• **Task to complete**: Your copy should match the records exactly, except that no pictures appear in it.
[Provided data]
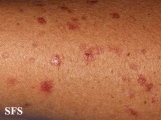 porokeratosis actinic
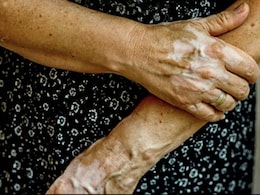 Guillain Barre Syndrome : गुइलेन बॅरे सिंड्रोममुळे चिंता वाढली, 12 रुग्ण व्हेंटिलेटरवर; काय काळजी घ्याल? Guillain Barre Syndrome : गुइलेन बॅरे सिंड्रोममुळे चिंता वाढली, 12 रुग्ण व्हेंटिलेटरवर; काय काळजी घ्याल?
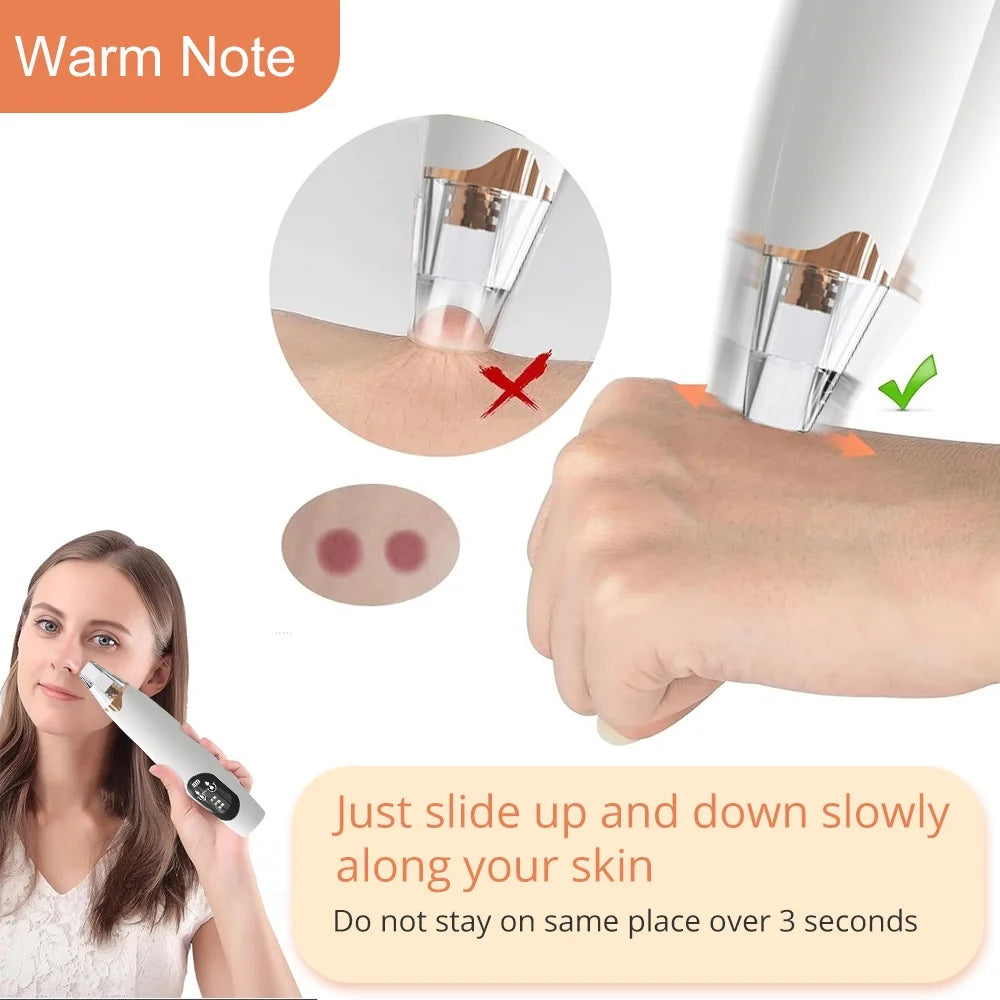 Blackhead Remover Vacuum Kit
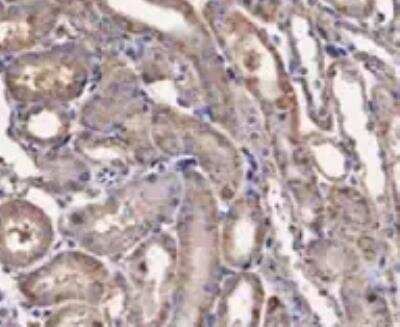 Immunohistochemistry-Paraffin: IL-10R alpha Antibody (OTI1D10) [NBP2-46049]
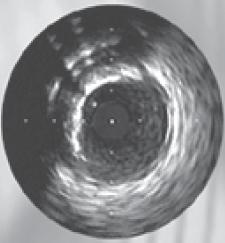 In practice calcium is echo dense (hyperechoic) plaque (brighter than the reference adventitia) that shadows using IVUS calcium can be localized and characterized as superficial (closer to
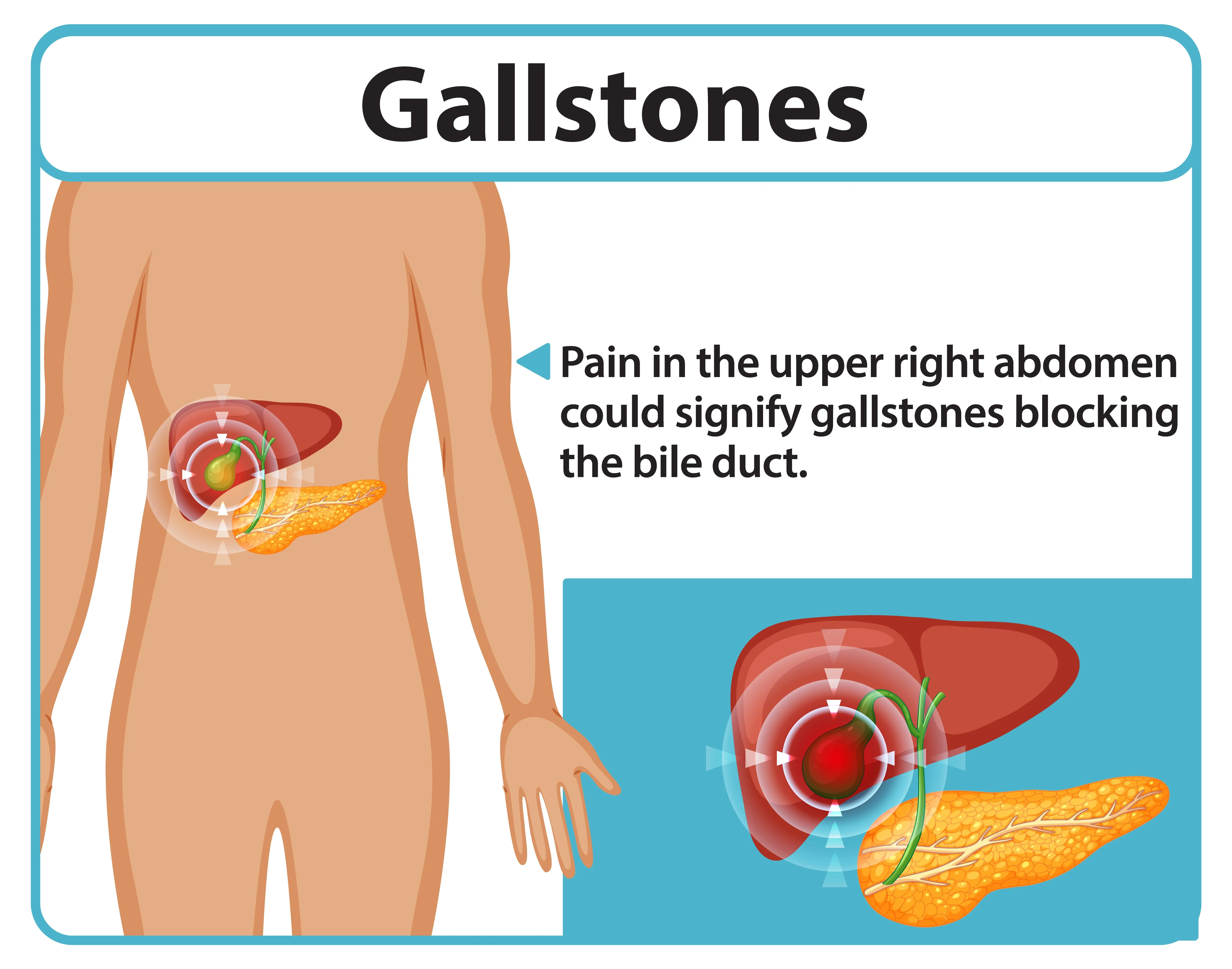 What causes gallstones? | Bangalore Gastro Centre, image size:5315x4181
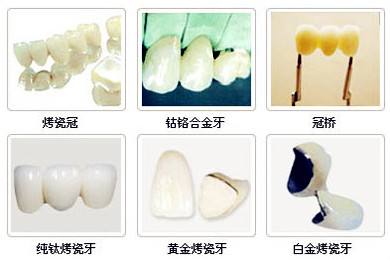 不同材质烤瓷牙对比图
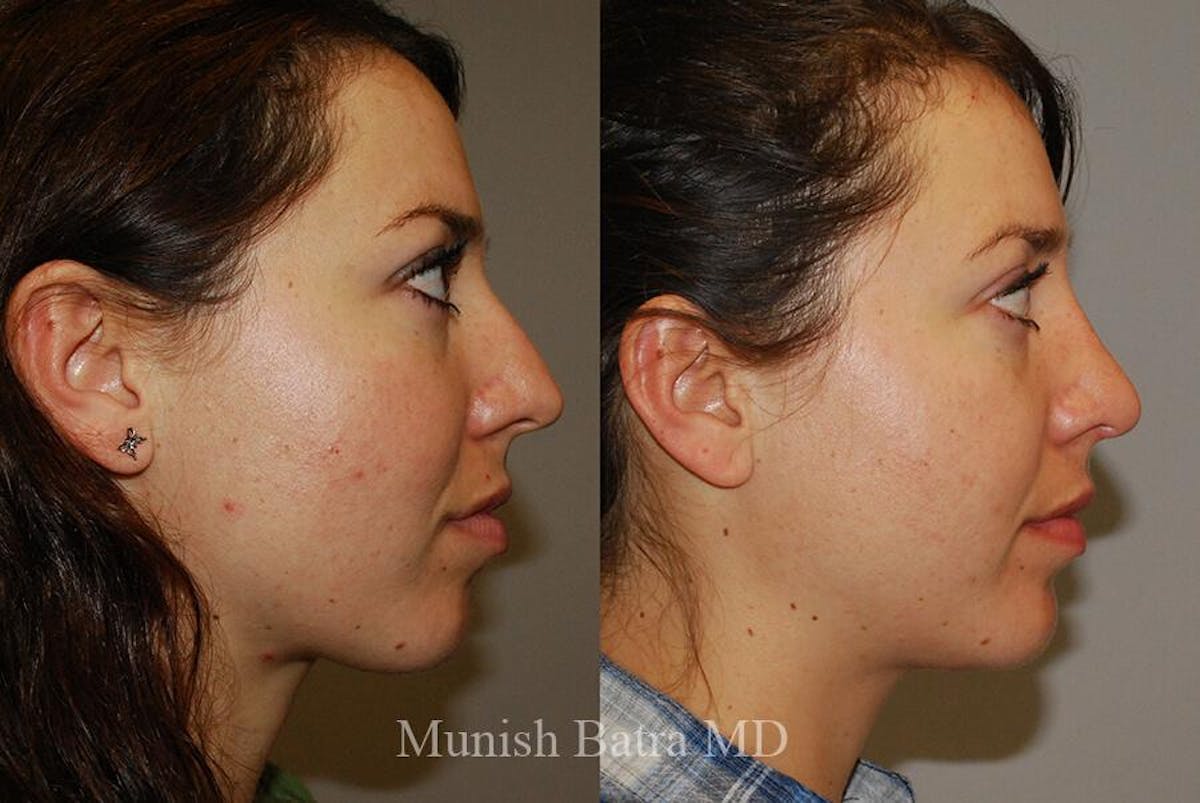 Rhinoplasty Before & After Gallery - Patient 103328 - Image 1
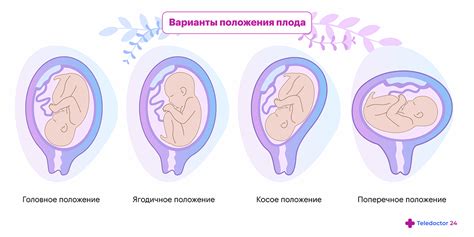 Шевеления плода и его положение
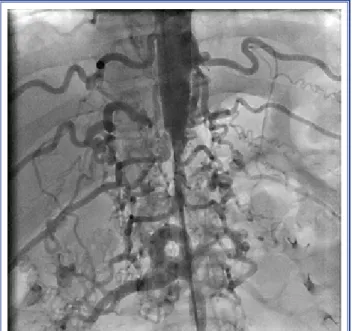Figure 1.  Catheter angiographic examination revealed dif- dif-fuse hypoplasia in the abdominal aorta, starting from level of  the diaphragm and extending to 2 cm above the iliac artery  bifurcation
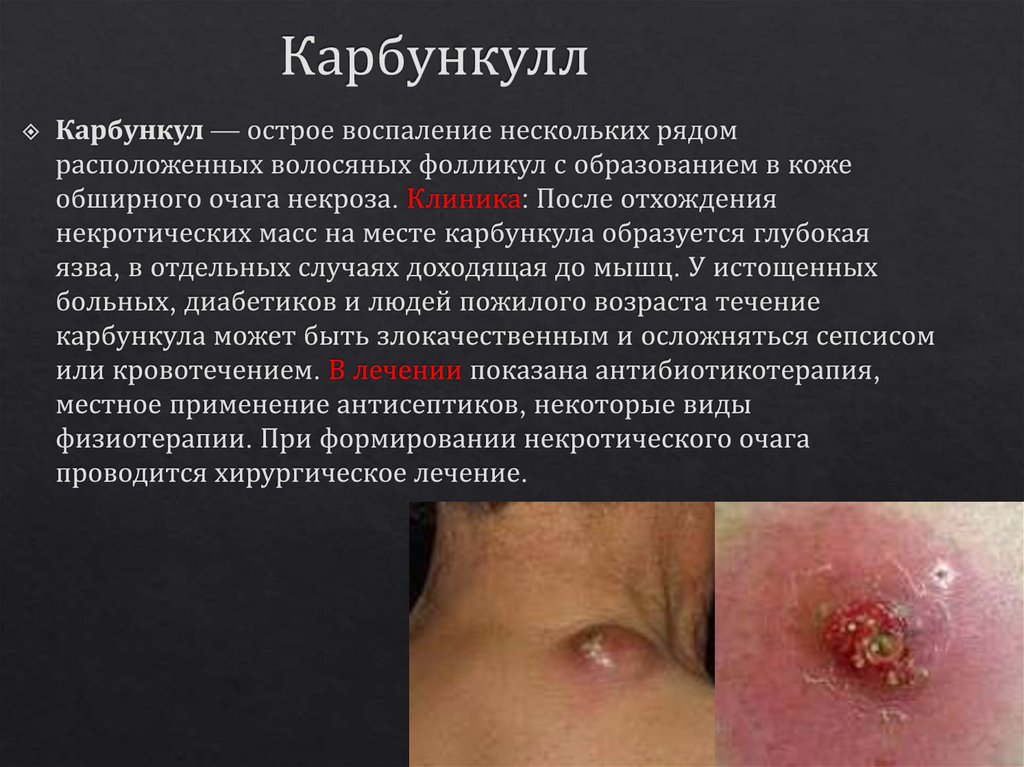 Карбункулл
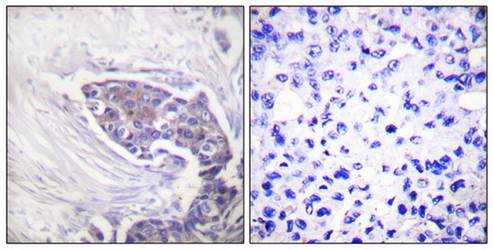 TRXR2 Antibody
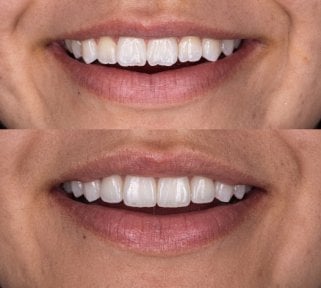 Before and after smile makeover results at Dental Bliss – improved teeth alignment and color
[/Provided data]
• **Exercise output**:
 porokeratosis actinic
 Guillain Barre Syndrome : गुइलेन बॅरे सिंड्रोममुळे चिंता वाढली, 12 रुग्ण व्हेंटिलेटरवर; काय काळजी घ्याल? Guillain Barre Syndrome : गुइलेन बॅरे सिंड्रोममुळे चिंता वाढली, 12 रुग्ण व्हेंटिलेटरवर; काय काळजी घ्याल?
 Blackhead Remover Vacuum Kit
 Immunohistochemistry-Paraffin: IL-10R alpha Antibody (OTI1D10) [NBP2-46049]
 In practice calcium is echo dense (hyperechoic) plaque (brighter than the reference adventitia) that shadows using IVUS calcium can be localized and characterized as superficial (closer to
 What causes gallstones? | Bangalore Gastro Centre, image size:5315x4181
 不同材质烤瓷牙对比图
 Rhinoplasty Before & After Gallery - Patient 103328 - Image 1
 Шевеления плода и его положение
Figure 1.  Catheter angiographic examination revealed dif- dif-fuse hypoplasia in the abdominal aorta, starting from level of  the diaphragm and extending to 2 cm above the iliac artery  bifurcation
 Карбункулл
 TRXR2 Antibody
 Before and after smile makeover results at Dental Bliss – improved teeth alignment and color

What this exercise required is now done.